** Exercise directions **
From the line with "2T Scout Green Organic Corduroy Pants" through the line with "moto lluvia - (audio", inclusive, return each line of the data below exactly and leave the rest out.
(Raw data Opens)
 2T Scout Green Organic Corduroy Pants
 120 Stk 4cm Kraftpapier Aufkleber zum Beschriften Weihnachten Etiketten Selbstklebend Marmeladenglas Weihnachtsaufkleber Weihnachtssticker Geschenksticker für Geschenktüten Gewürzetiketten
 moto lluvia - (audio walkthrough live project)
(Raw data Closes)
(Raw data Opens)
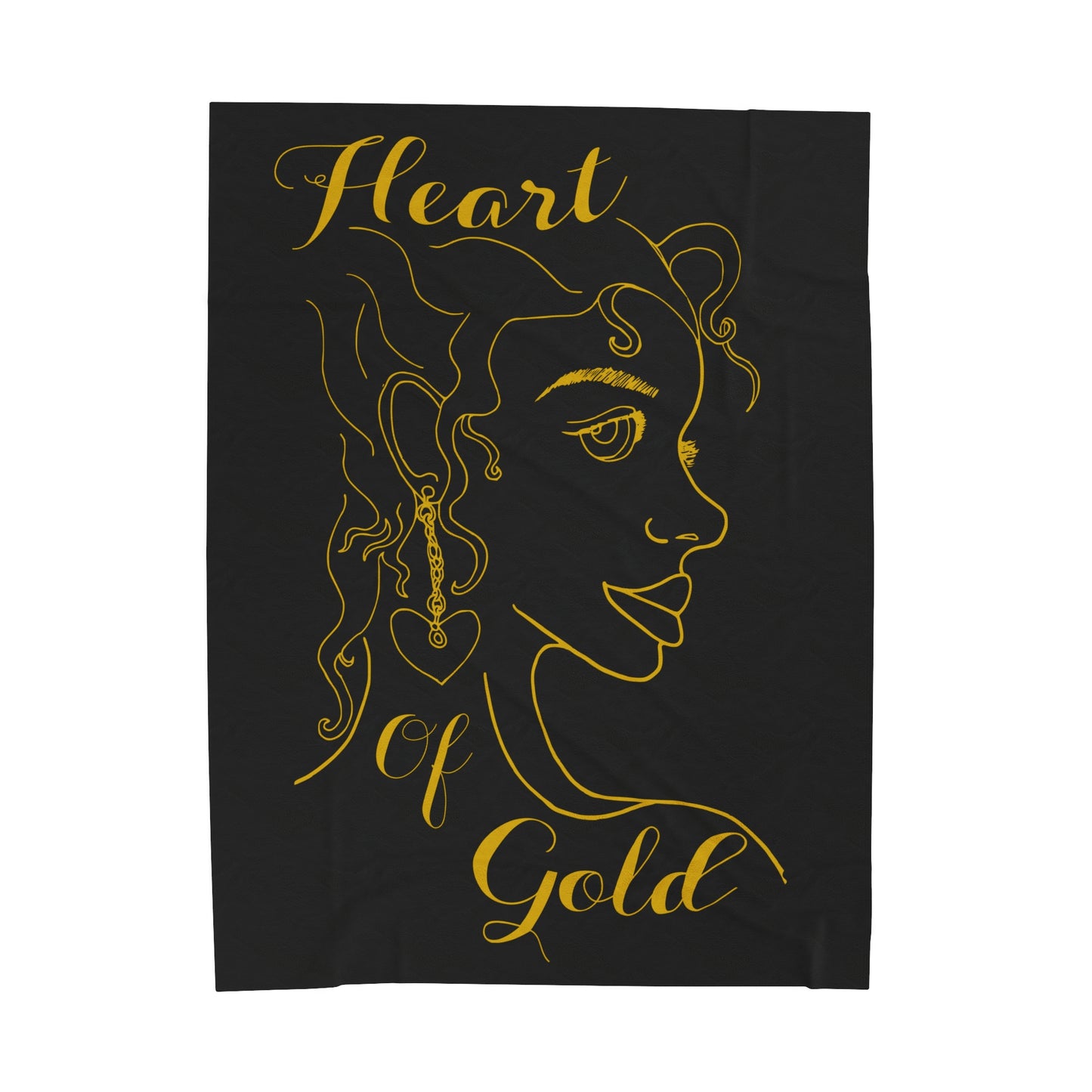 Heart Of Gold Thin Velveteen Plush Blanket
(Raw data Closes)
** Your response **
 2T Scout Green Organic Corduroy Pants
 120 Stk 4cm Kraftpapier Aufkleber zum Beschriften Weihnachten Etiketten Selbstklebend Marmeladenglas Weihnachtsaufkleber Weihnachtssticker Geschenksticker für Geschenktüten Gewürzetiketten
 moto lluvia - (audio walkthrough live project)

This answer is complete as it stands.